- **INFORMATION PROVIDED**
▶
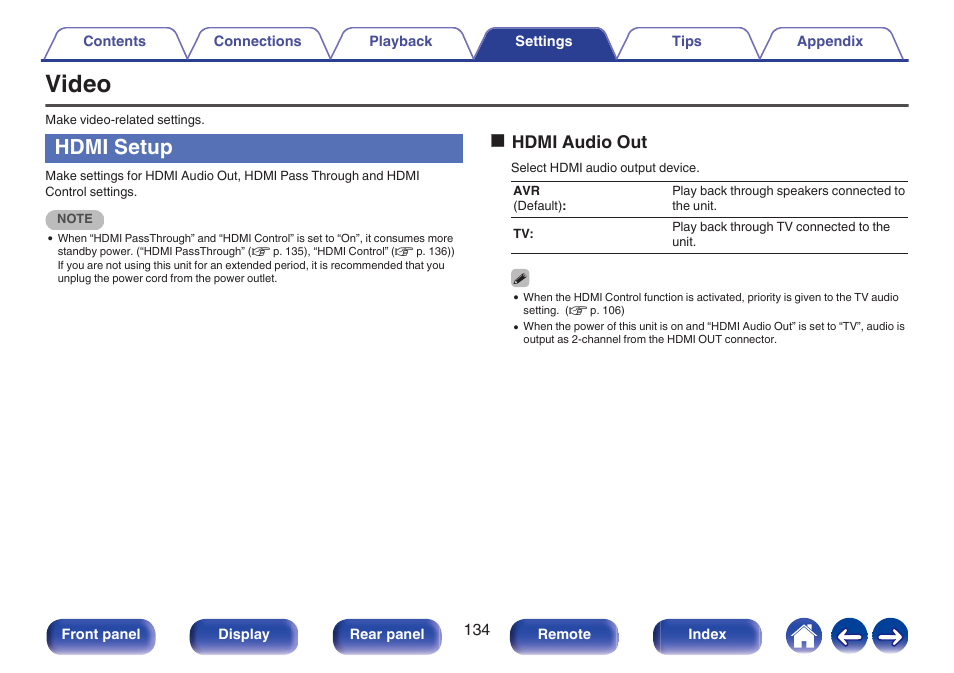 Video, Hdmi setup, To “tv | P. 134), Ohdmi audio out | Denon AVR-S660H 5.2-Channel Network A/V Receiver User Manual | Page 134 / 242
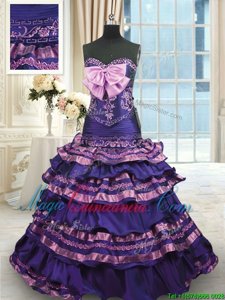 Sleeveless Sweep Train Lace Up With Train Appliques and Ruffled Layers and Bowknot Sweet 16 Dress
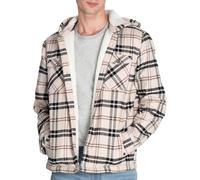 Enorsia Mens Ecru Check Hooded Shacket, Borg Lined Sherpa Flannel Jacket with Horn Button Fastening, Chest and Side Pockets, Warm Winter Coat for Outdoor (UK, Alpha, L, Regular, Regular, Cream)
◀
- **TASK INSTRUCTIONS**
Would you reproduce the listing above in full and exactly, without its pictures?

- **RESPONSE TO THIS TASK**
 Video, Hdmi setup, To “tv | P. 134), Ohdmi audio out | Denon AVR-S660H 5.2-Channel Network A/V Receiver User Manual | Page 134 / 242
 Sleeveless Sweep Train Lace Up With Train Appliques and Ruffled Layers and Bowknot Sweet 16 Dress
 Enorsia Mens Ecru Check Hooded Shacket, Borg Lined Sherpa Flannel Jacket with Horn Button Fastening, Chest and Side Pockets, Warm Winter Coat for Outdoor (UK, Alpha, L, Regular, Regular, Cream)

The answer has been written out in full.